Just a month after taking office, Ritchie found herself isolated, along with the Ulster Unionists, in voicing fears over the Hillsborough Agreement, devolving policing and justice powers to the Northern Ireland institutions.
The SDLP took the step of nominating one of its own MLAs, Alban Maginness, believing that under the complex D’Hondt system, they should have secured the justice minister’s post. In the end, following the election by the Assembly of Alliance Party leader David Ford to the post, the SDLP’s policing spokesman, Alex Attwood, launched a withering attack on the process:
“The devolution of policing and justice will leave a sour taste. Nationalists struggled for years to create equality and achieved it in the Good Friday Agreement but will be denied their entitlement to a seat in government.”
As the election enters its second week, the SDLP have further been forced to fend off calls for it to merge firstly with Sinn Fein and then with Fianna Fail. What is more, as the Belfast Telegraph reports, Dr Alasdair McDonnell faces a unionist challenge to his Belfast South seat.
The Irish Independent reports:
“Alasdair McDonnell won last time because of a split Unionist vote.

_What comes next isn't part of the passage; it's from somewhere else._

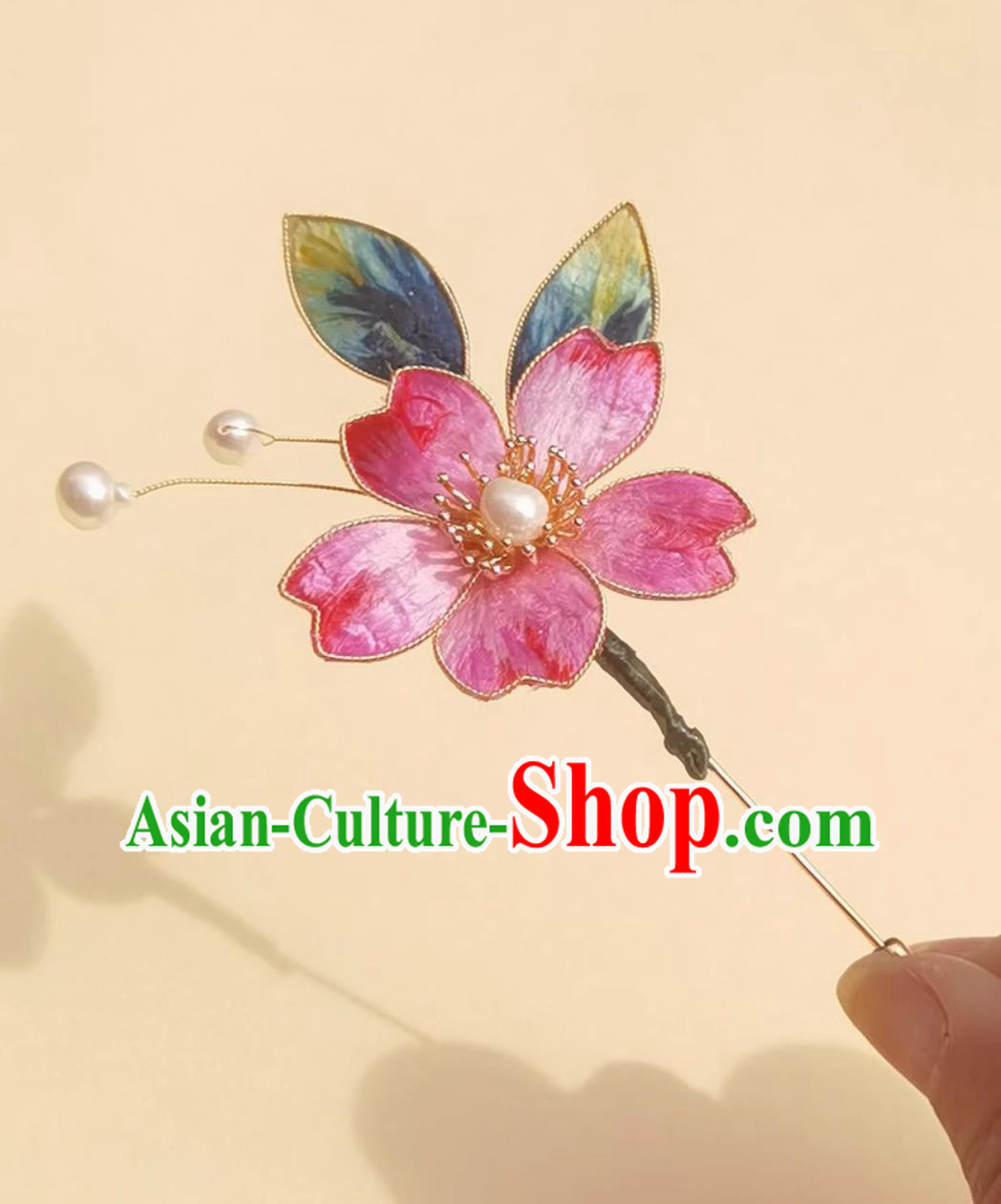 Handmade Hanfu Jewelry Chinese Cheongsam Brooch China Classical Pink Silk Sakura Corsage Traditional Intangible Heritage Artwork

It may not split this time and he has Sinn Fein opposition (SDLP having rejected an electoral pact in Fermanagh) which could decide the issue and provide a gain for one or other unionist party.”
In launching her party’s election campaign last week, Margaret Ritchie mirrored Nick Clegg in calling for a new kind of politics:
“There is a genuine cry going up in Northern Ireland for new politics – not the outdated sectarian bickering of the past – but politics of consensus-building and partnership focused on problem solving.
“And in this election campaign and beyond the SDLP will offer that kind of political leadership.”
To that extent, her party has called for:
• Greater independence from the UK by devolving greater powers to Stormont such as over taxation and welfare, broadcasting and telecommunications, fisheries and pensions;
• An all Ireland Environmental Protection Agency and a single Ireland-wide energy regulator;
• Greater efforts to build a “shared society”; and
• A united Ireland, reconfirming their core belief.
At this election, the first under the leadership of Margaret Ritchie, the acid test will be simple – will the SDLP emerge a stronger force as she promised in February?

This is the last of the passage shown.